** Data in this exercise **
=== Section Start ===
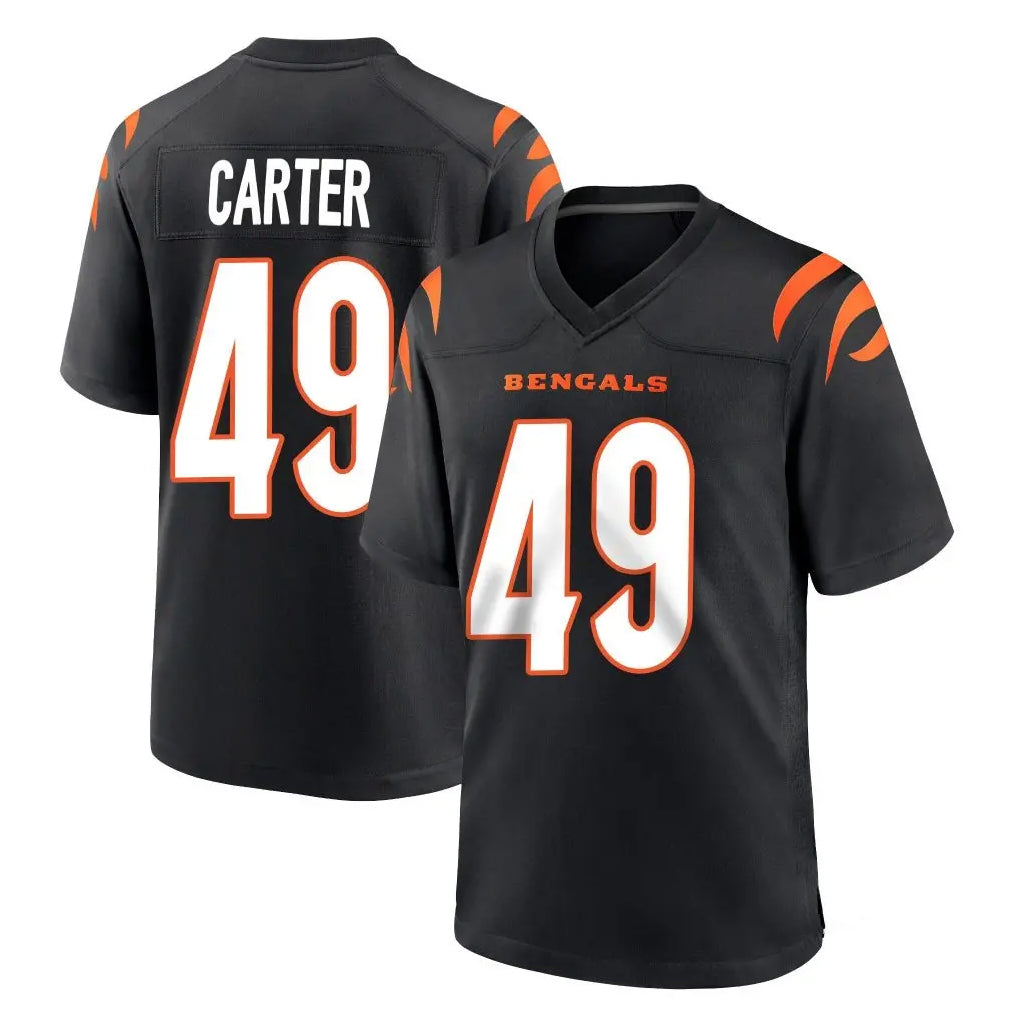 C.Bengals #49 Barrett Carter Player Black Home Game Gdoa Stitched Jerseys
=== Section End ===
=== Section Start ===
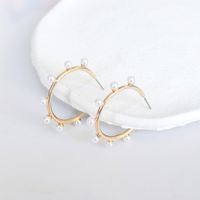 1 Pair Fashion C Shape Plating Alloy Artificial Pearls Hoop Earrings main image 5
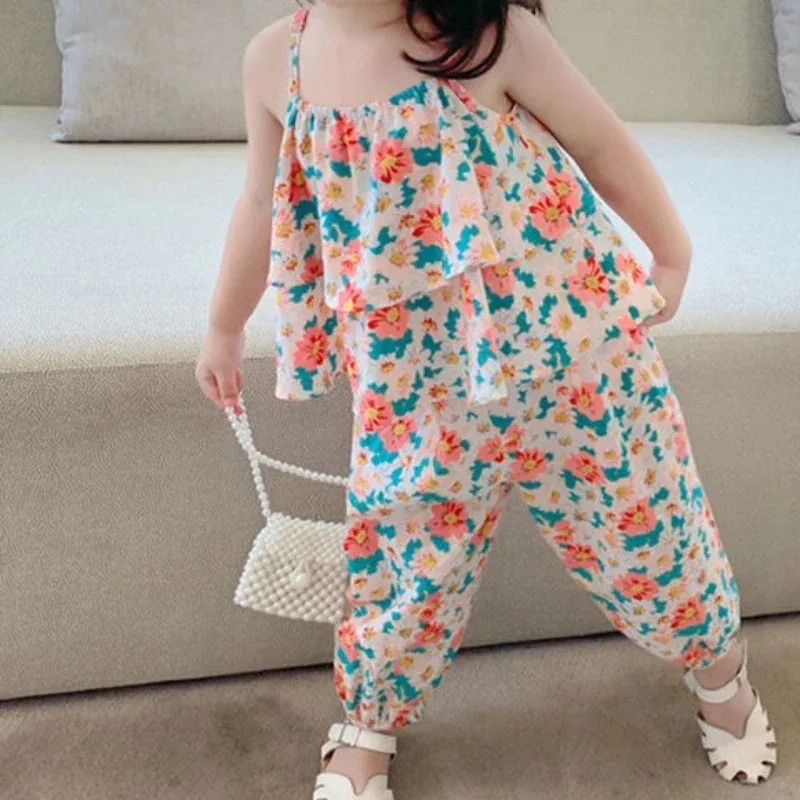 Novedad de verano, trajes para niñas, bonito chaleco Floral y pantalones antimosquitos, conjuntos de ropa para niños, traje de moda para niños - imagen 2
=== Section End ===
Above are records; write out the lines from the one with "1 Pair Fashion" down to the one with "Novedad de verano, trajes", exactly, leaving the pictures out.

 1 Pair Fashion C Shape Plating Alloy Artificial Pearls Hoop Earrings main image 5
 Novedad de verano, trajes para niñas, bonito chaleco Floral y pantalones antimosquitos, conjuntos de ropa para niños, traje de moda para niños - imagen 2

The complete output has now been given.